_WHAT TO PRODUCE:_ Exact copy, no pictures: every line from the one that contains "clothes washing area" through the end of the data below, and nothing else.

_DATASET RECORDS:_
--------------------

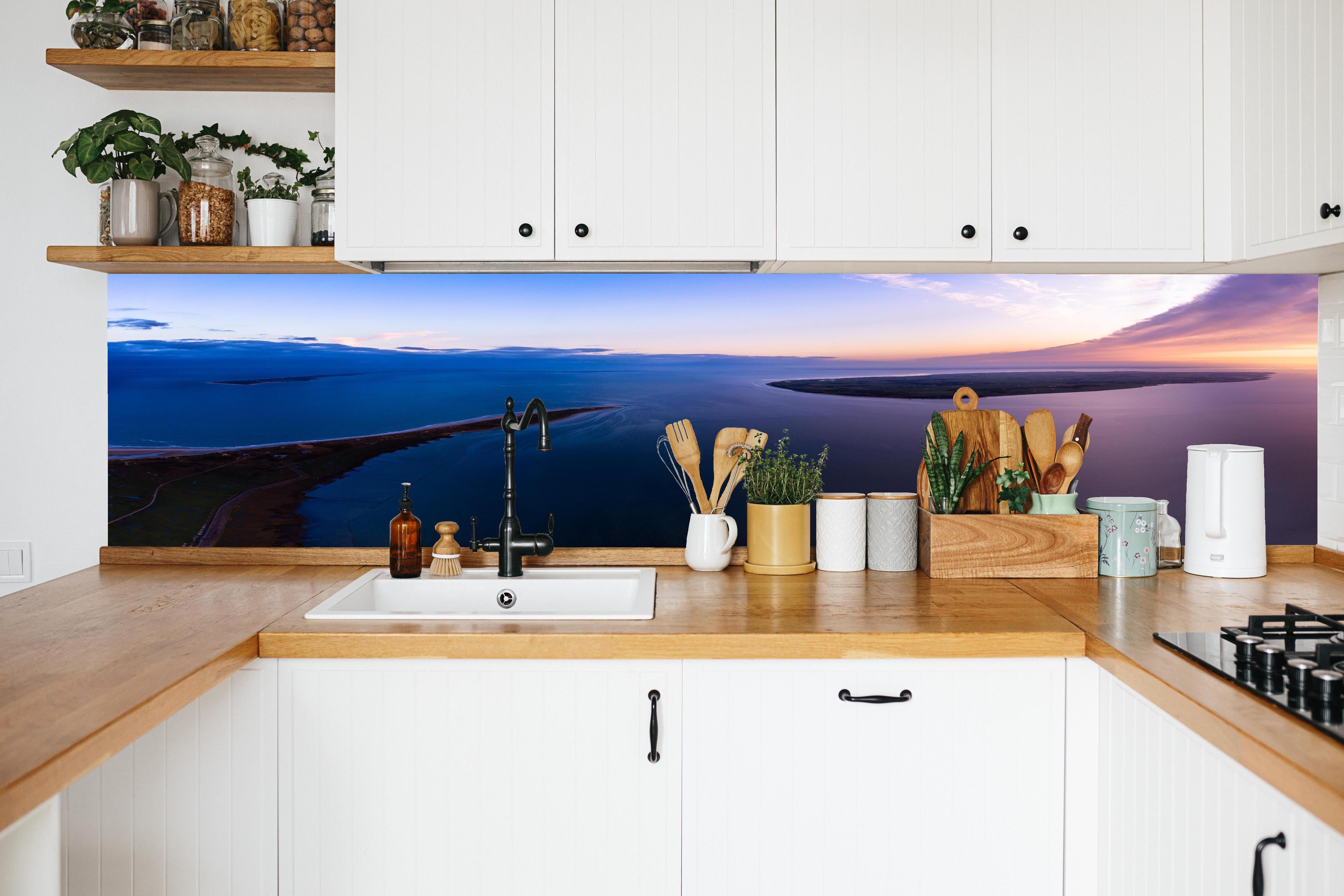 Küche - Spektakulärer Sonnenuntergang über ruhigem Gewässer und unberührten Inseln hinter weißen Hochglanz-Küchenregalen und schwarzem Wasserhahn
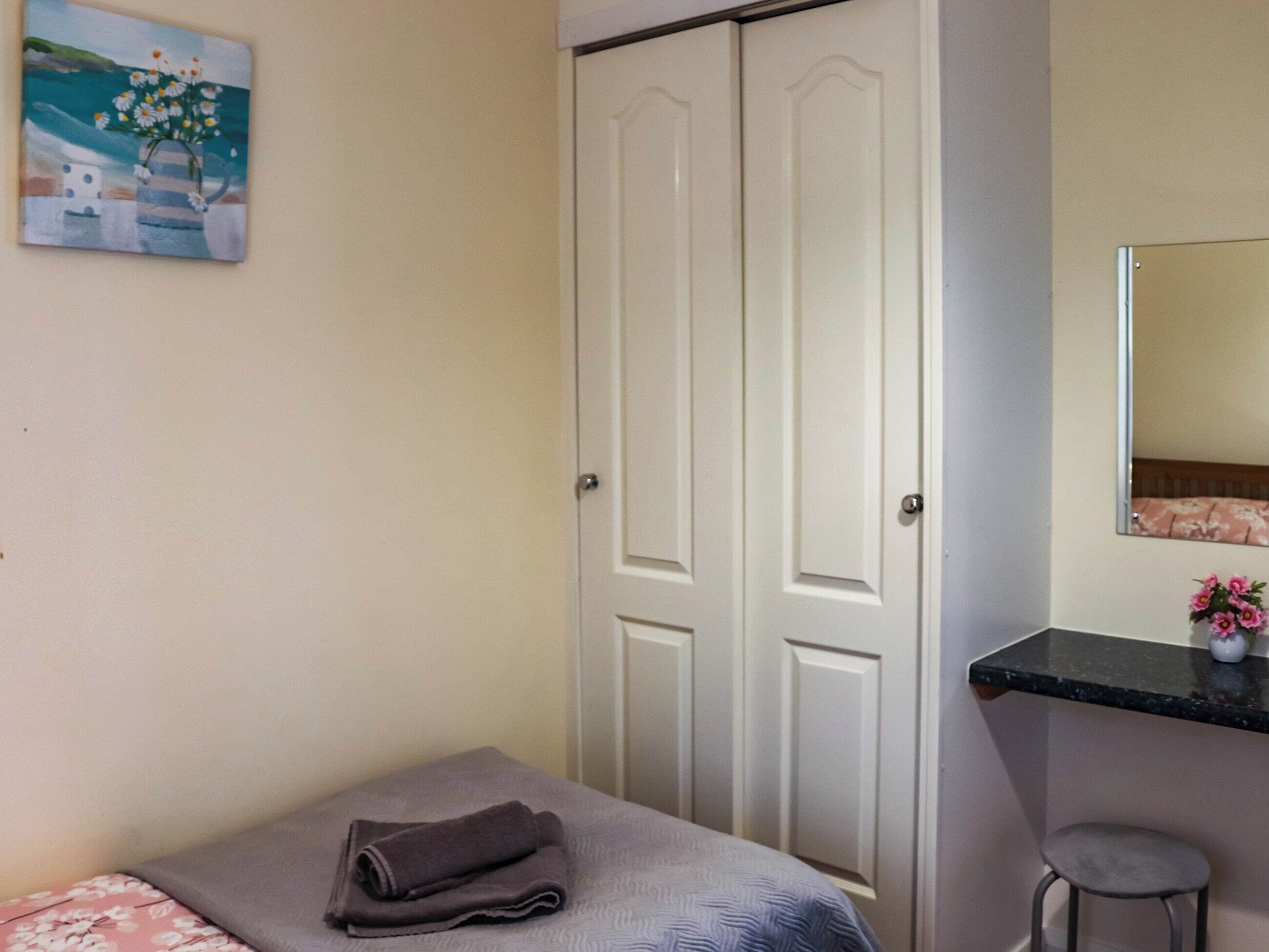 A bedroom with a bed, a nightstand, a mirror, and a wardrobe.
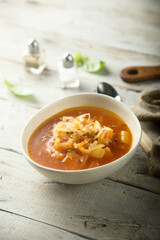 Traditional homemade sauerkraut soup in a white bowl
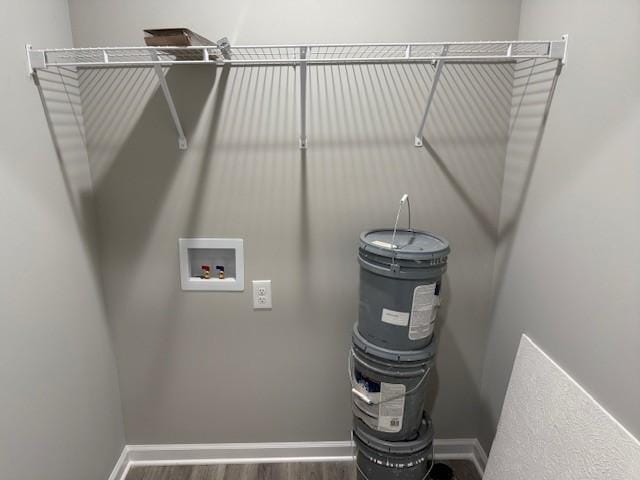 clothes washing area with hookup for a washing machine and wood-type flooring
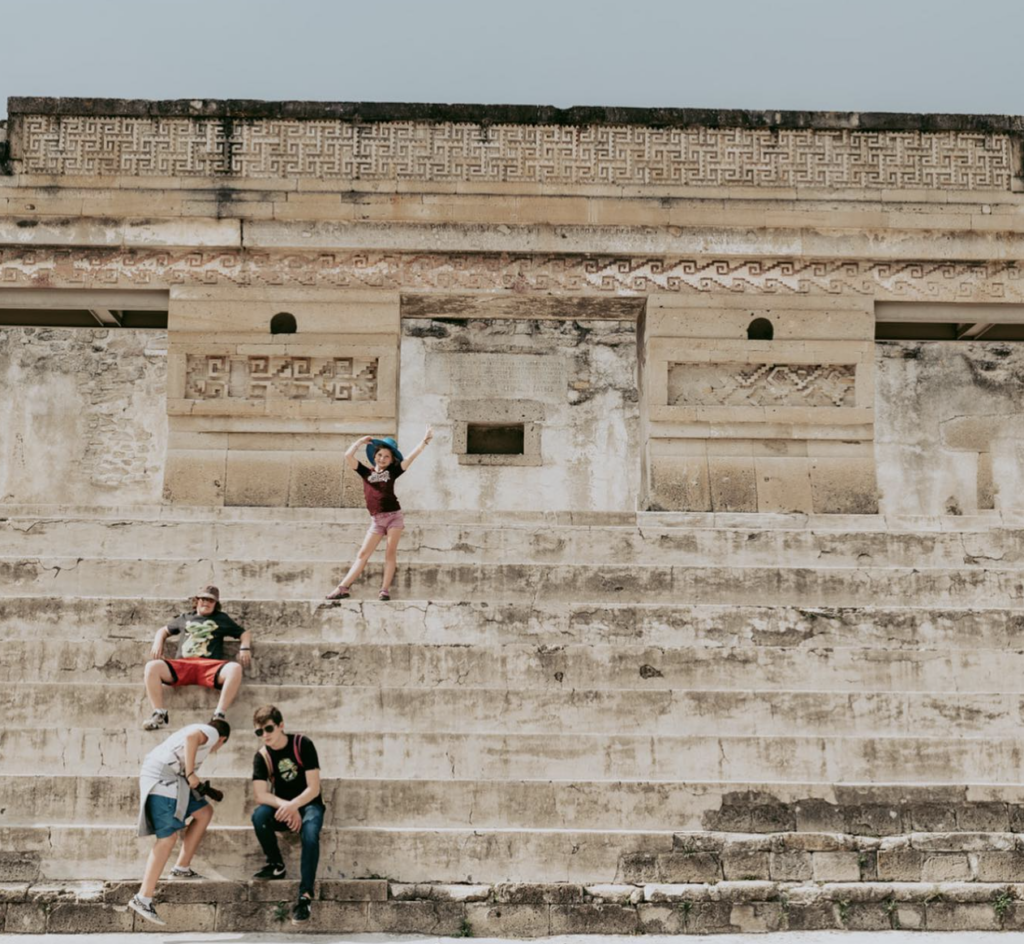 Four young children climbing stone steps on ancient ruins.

--------------------

_RESULT FOR THIS TASK:_
 clothes washing area with hookup for a washing machine and wood-type flooring
 Four young children climbing stone steps on ancient ruins.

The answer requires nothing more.